Of course, the move of both the United States and U.K. to seek a free trade treaty based on the free flow of financial services and almost surely the digital integration of the two modern economies in coming months will put to the test those who wish to close off economies to trade, finance and the movement of ideas and individuals. 

Digital is global

A misconception within the current wave of economic populism is that one can redirect incentives away from global economic activity. During the two-year U.S.- China trade conflict, many individual purchasers simply circumvented the trade barriers. Despite the large uncertainty tax imposed on the two economies due to the trade war, peer-to-peer and business-to-business commerce via the internet didn’t suffer the damage that traditional manufacturing companies absorbed.

The ability of regulators to contain fungible technologies in the areas of electric vehicles, biotechnology and artificial intelligence has passed. These technologies are mutable, transferable and subject to the law of digital economies. Ideas and digital innovation are not the same as technologies to produce autos. Artificial intelligencebased trade platforms such as Amazon, Alibaba, Baidu or eBay will simply outpace the capacity of regulators to keep up. Once something is digitized and its underlying information technology is available, law of pricing tends toward that which implies the cost of access, replication and distribution tends to fall toward zero.

The evolution of artificial intelligence and its impact on trade and finance will almost surely become an impediment to trade protectionism. Productivity improvements, an acceleration toward trade in services and the rapid tapping of intellectual capacity and new ideas to drive global trade and finance are sure to envelop early 20th century policy choices in the near-term.
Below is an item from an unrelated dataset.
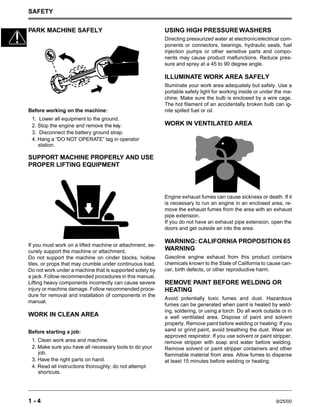 john deere lt133 repair manual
In fact, one might make the case that the entire global movement toward trade protectionism and limiting the flow of people, ideas and capital rests on an unsteady foundation that is not prepared to face the quickly evolving logic of digital economics. The idea of a durable decoupling of the internet often causes one to think of a different time when countries created such things as a “Maginot Line.” Digital Maginot Lines are not tenable and are based on an erroneous analysis of the direction of the global economy. Over time, that logic will overwhelm the recidivism around which trade protectionism is based. Beware those fighting the lost ancient wars; they will be overwhelmed by a digital logic that can foresee alternative arrangements that facilitate new avenues of growth, finance and opportunity.